#### Given data
########

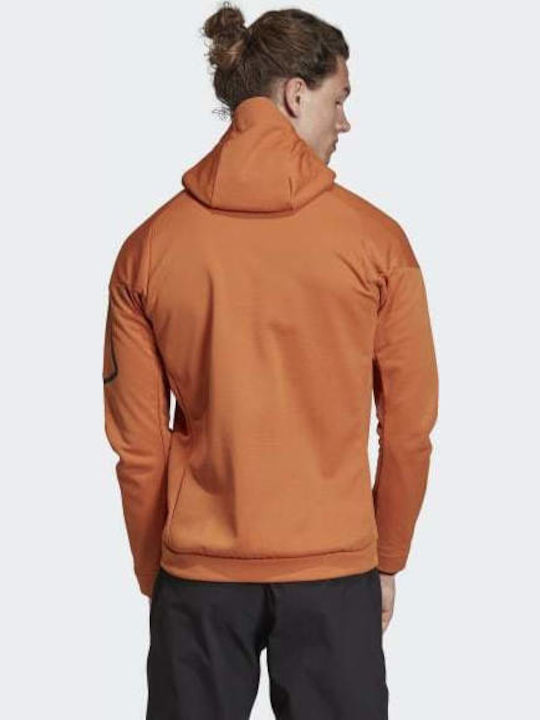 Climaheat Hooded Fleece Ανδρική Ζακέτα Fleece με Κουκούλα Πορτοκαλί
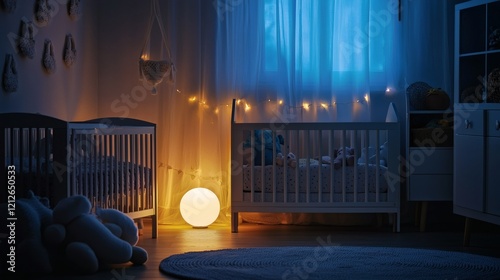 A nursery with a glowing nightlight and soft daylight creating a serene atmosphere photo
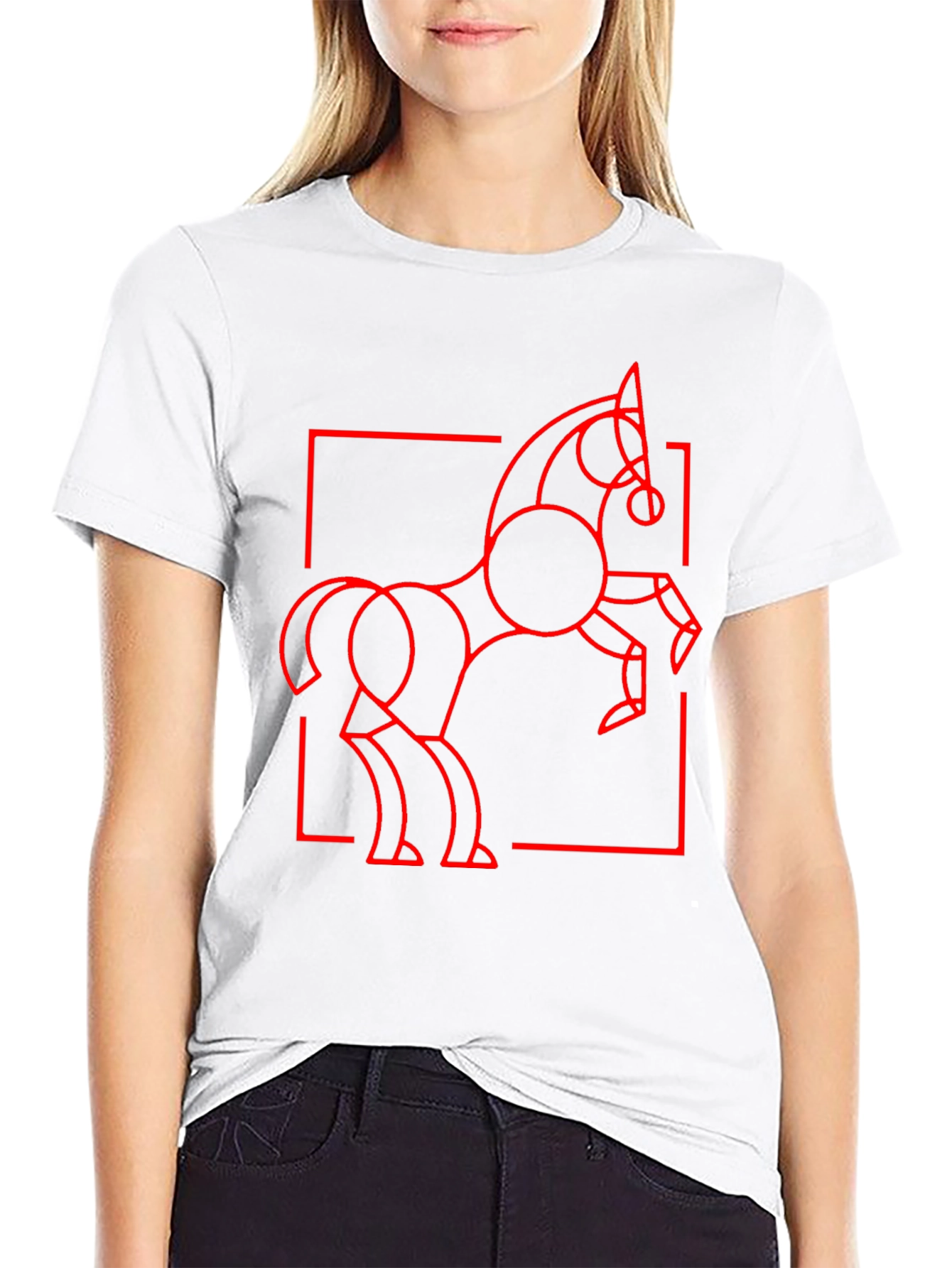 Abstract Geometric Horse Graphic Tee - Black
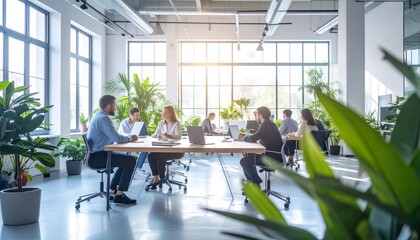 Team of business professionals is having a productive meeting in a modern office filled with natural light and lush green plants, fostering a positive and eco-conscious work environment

########

#### Exercise goal
Repeat the material verbatim but without any of its pictures.

#### Solution for this problem
 Climaheat Hooded Fleece Ανδρική Ζακέτα Fleece με Κουκούλα Πορτοκαλί
 A nursery with a glowing nightlight and soft daylight creating a serene atmosphere photo
 Abstract Geometric Horse Graphic Tee - Black
 Team of business professionals is having a productive meeting in a modern office filled with natural light and lush green plants, fostering a positive and eco-conscious work environment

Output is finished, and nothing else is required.